→ What you will do
In the listing below, the lines starting at the line with "A house with" and ending at the line with "12215 Wye Oak" are to be output verbatim. Images stay out of the copy.

→ Listed records
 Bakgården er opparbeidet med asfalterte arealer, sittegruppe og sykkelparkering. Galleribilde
==
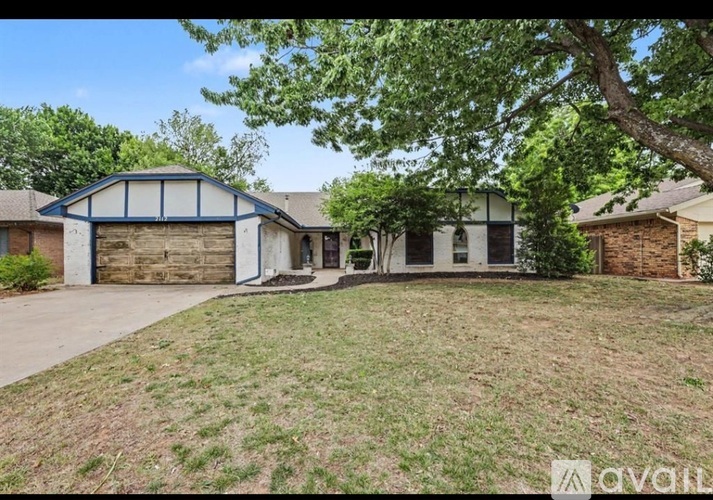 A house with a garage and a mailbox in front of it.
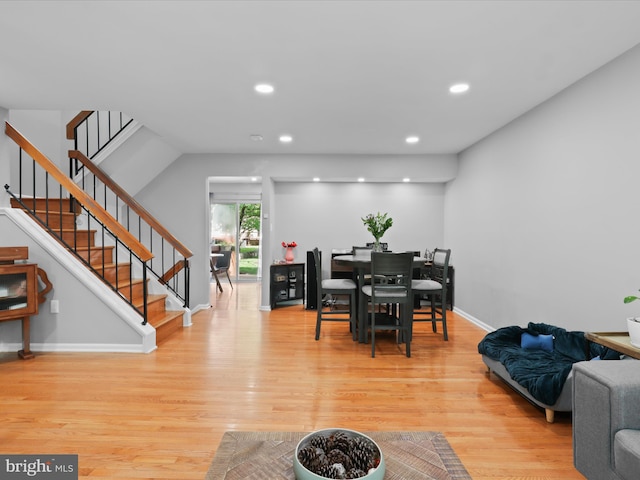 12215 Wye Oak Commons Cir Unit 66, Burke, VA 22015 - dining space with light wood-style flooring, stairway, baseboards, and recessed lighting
...
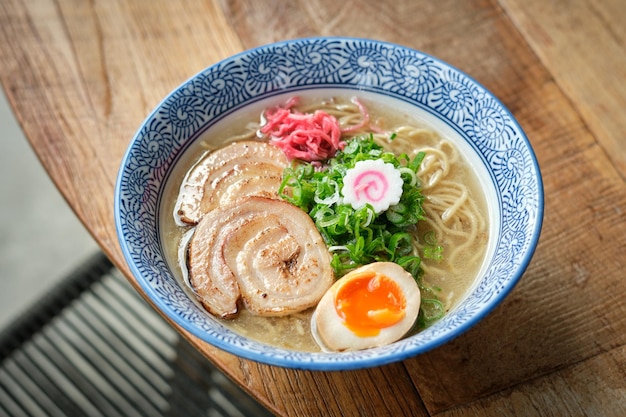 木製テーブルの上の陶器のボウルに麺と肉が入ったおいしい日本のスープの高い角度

→ Solution
 A house with a garage and a mailbox in front of it.
 12215 Wye Oak Commons Cir Unit 66, Burke, VA 22015 - dining space with light wood-style flooring, stairway, baseboards, and recessed lighting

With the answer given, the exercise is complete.